-----------------------------------------------------------
This is an automatically generated e-mail. To reply, visit:
https://reviews.apache.org/r/59030/
-----------------------------------------------------------
Review request for Aurora, David McLaughlin, Stephan Erb, and Zameer Manji.
Bugs: AURORA-1869
https://issues.apache.org/jira/browse/AURORA-1869
Repository: aurora
Description
-------
`TaskStatusHandlerImpl` acquires `LogStorage` write lock for processing every
status update received from Mesos master. During implicit and explicit
reconciliations, this amounts to the number of tasks in the cluster (tens of
thousands of times in our cluster).
According to data extracted from one of our production clusters, over 99.9% of
reconciliation status update events are in fact `NOOP` status updates. The
storage write lock contention induced by these status updates can simply be
eliminated by adopting double-checked locking pattern (as was done in
[AURORA-1820](https://issues.apache.org/jira/browse/AURORA-1820)).

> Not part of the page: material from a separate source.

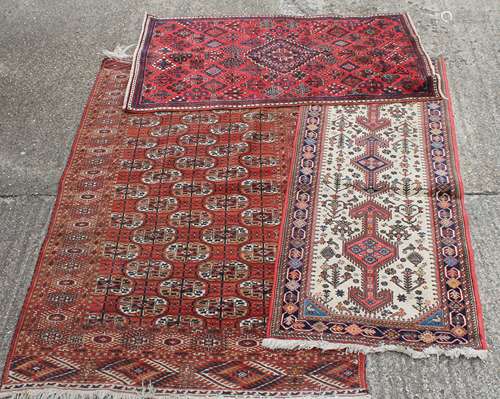 Three Persian wool rugs. The largest 131 x 205 cm.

This explains why the combination of reconciliation status update processing
and other expensive processes like snapshot can be fatal for scheduler. As the
lock is not fair, it does not guarantee any particular access order. Therefore,
snapshot structures might need to sit on the heap for a few seconds before they
can be written to `LogStorage` and garbage collected.
Diffs
-----
src/main/java/org/apache/aurora/scheduler/TaskStatusHandlerImpl.java
1aacecf3c2597a3f91dbc7da4c99fd1e80970f04
src/test/java/org/apache/aurora/scheduler/TaskStatusHandlerImplTest.java
56a6b0c9ae8da18e9a47428b8ed37a559cfd04e7
src/test/java/org/apache/aurora/scheduler/storage/testing/StorageTestUtil.java
21d26b3930ea965487b2dec48a48a98677ba022b
Diff: https://reviews.apache.org/r/59030/diff/1/
Testing
-------
TBD under a test cluster
Thanks,
Mehrdad Nurolahzade